Quick—Name New York’s most dynamic, most exuberant, most flavorful, most colorful, most rapidly expanding neighborhood? Answer: Chinatown—the new Chinatown, suffused both with emerging superpower energy and with the avant-garde cachet of downtown New York. (In case you hadn’t noticed, Chinatown is morphing at the edges with Soho, Little Italy, and the Lower East Side.)
Naturally, Bond No. 9 (always alert to neighborhood nuiances) has captured the essence of this high-energy swathe of Lower Manhattan for its latest New York-centric fragrance, and names it none other than Chinatown.
What's in this seductively dynamic eau de parfum?

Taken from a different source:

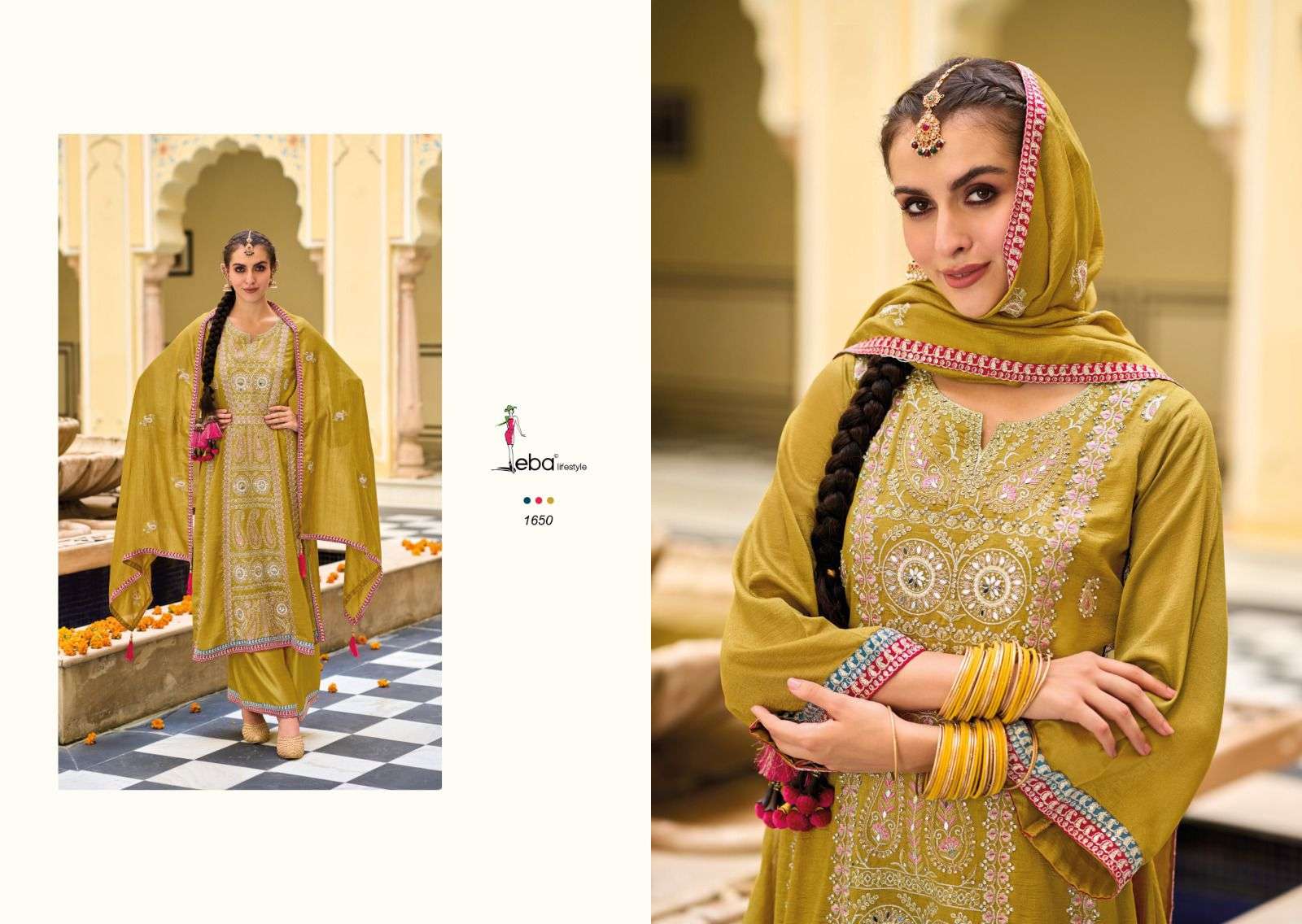 Eba Diva Premium Silk Designer Salwar Kameez Wholesale catalog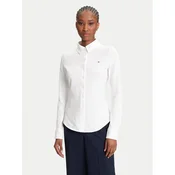 Tommy Hilfiger Srajca 1985 WW0WW43528 Écru Slim Fit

Its top note is a burst of peach blossom - a mystic fruit in Chinese mythology that Taoists consider the elixir of life.
The midnotes are an intoxicating cross-cultural bouquet: Peony (known as Sho Yo, or Most Beautiful, the Chinese flower of love, luxury and indulgence), blended with creamy-sweet gardenia (the flower Billie Holiday wore in her hair) and sultry tuberose (known in the Western world as the Mistress of the Night), and mouth-watering patchouli, which adds a spiky note to the other florals. The lingering base notes are cardamom (an ancient spice from the East, long used as a condiment) and dark woods (recalling the scent of Chinese inlaid lacquered boxes).
Bond No. 9's Chinatown carries forward the long tradition of the so-called oriental perfumes that held sway in the 20th century. But ours is innovative - it's the first to add a New York aesthetic to the mix.